SOURCE RECORDS:
□ □ □ □ □

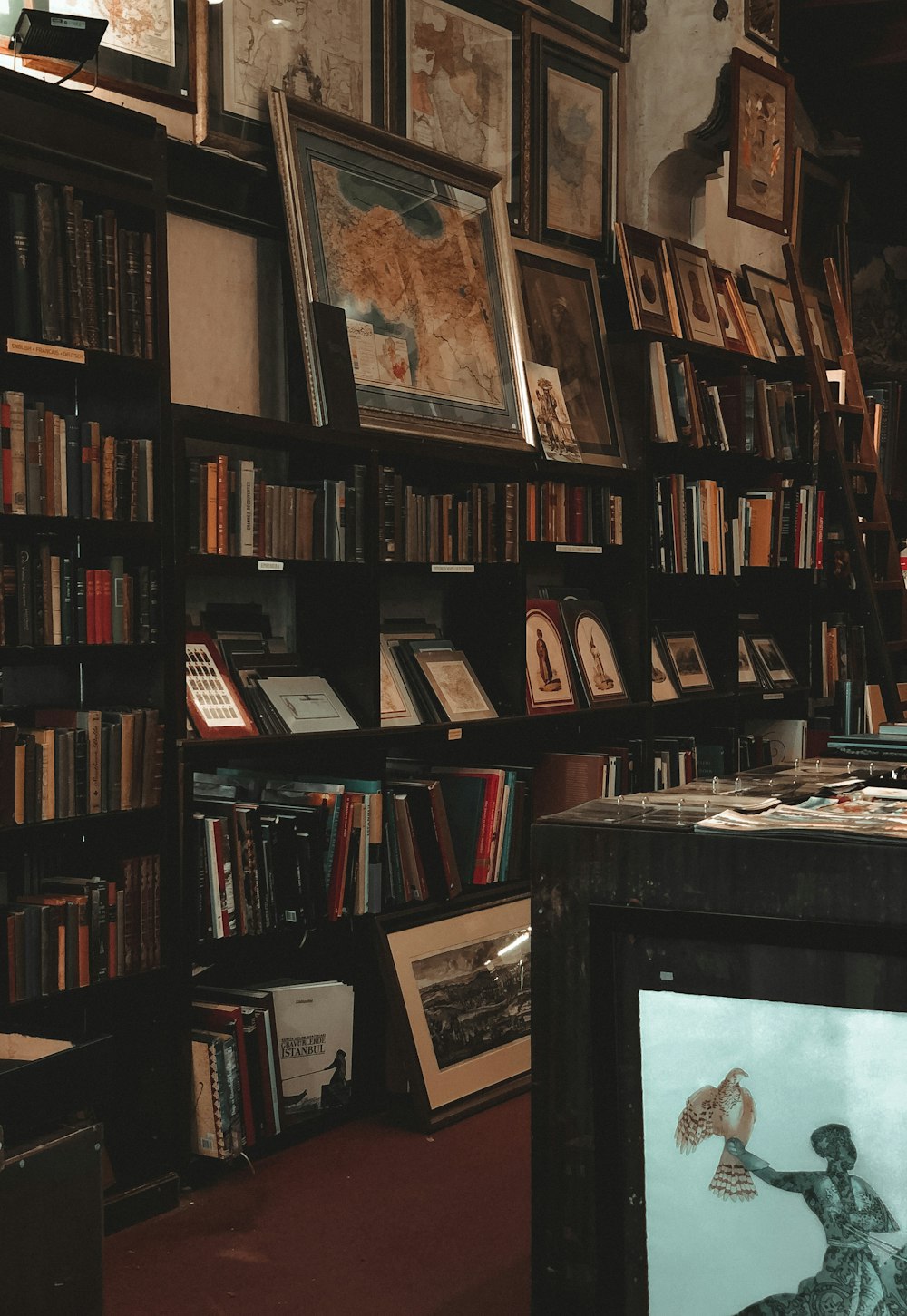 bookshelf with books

□ □ □ □ □

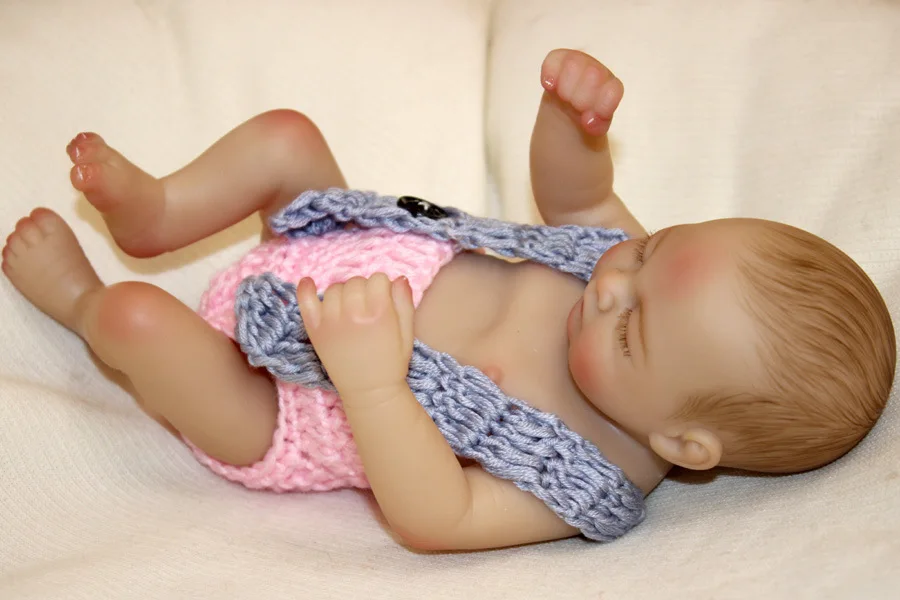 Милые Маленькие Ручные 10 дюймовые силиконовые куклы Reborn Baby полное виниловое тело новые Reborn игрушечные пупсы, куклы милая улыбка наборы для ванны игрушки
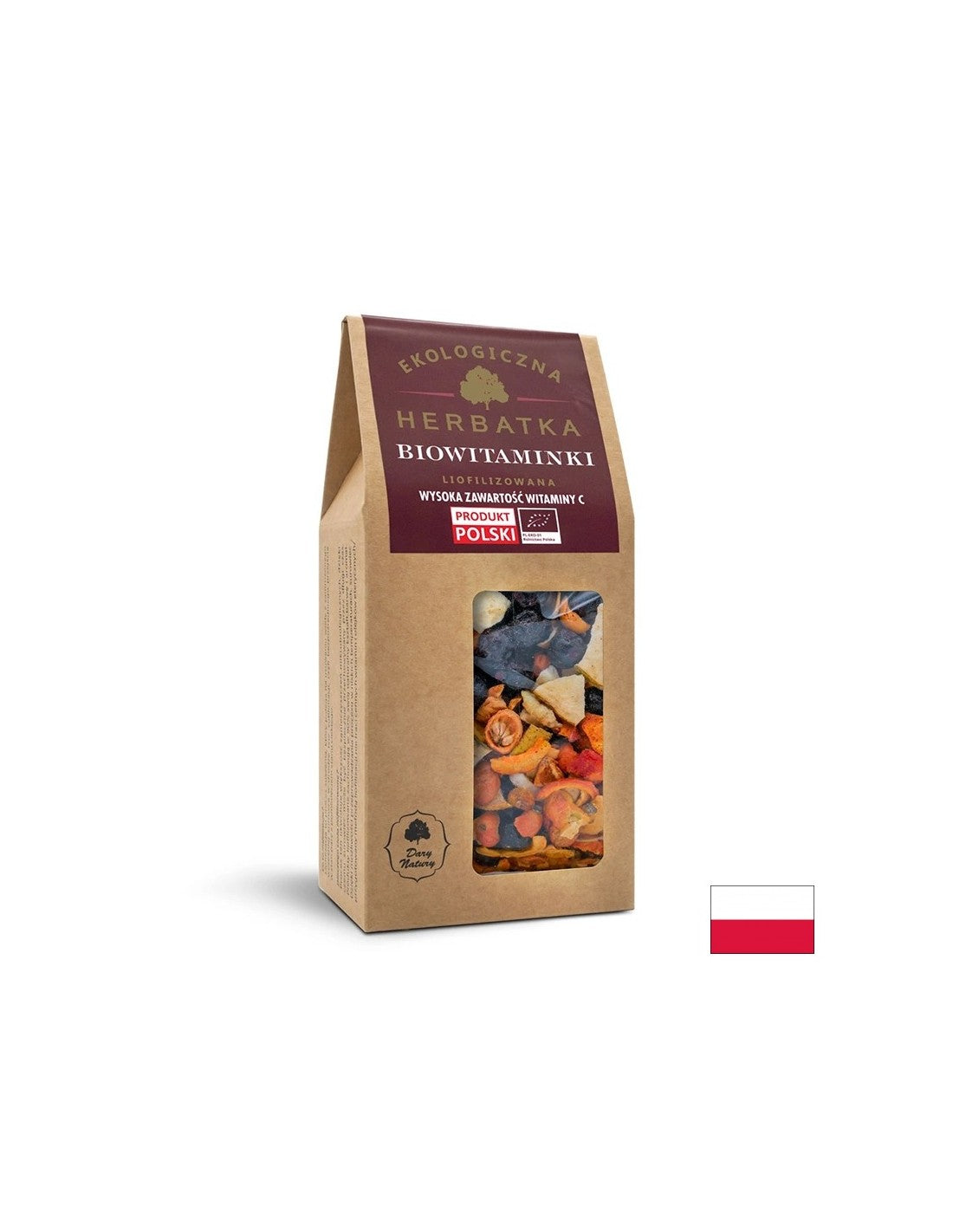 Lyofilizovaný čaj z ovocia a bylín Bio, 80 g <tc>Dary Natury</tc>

□ □ □ □ □

WORK REQUIRED:
Print everything from the line with "Милые Маленькие Ручные" down to the line with "Lyofilizovaný čaj z" in the entries above, both lines included and nothing more, without the pictures.

EXERCISE OUTPUT:
 Милые Маленькие Ручные 10 дюймовые силиконовые куклы Reborn Baby полное виниловое тело новые Reborn игрушечные пупсы, куклы милая улыбка наборы для ванны игрушки
 Lyofilizovaný čaj z ovocia a bylín Bio, 80 g <tc>Dary Natury</tc>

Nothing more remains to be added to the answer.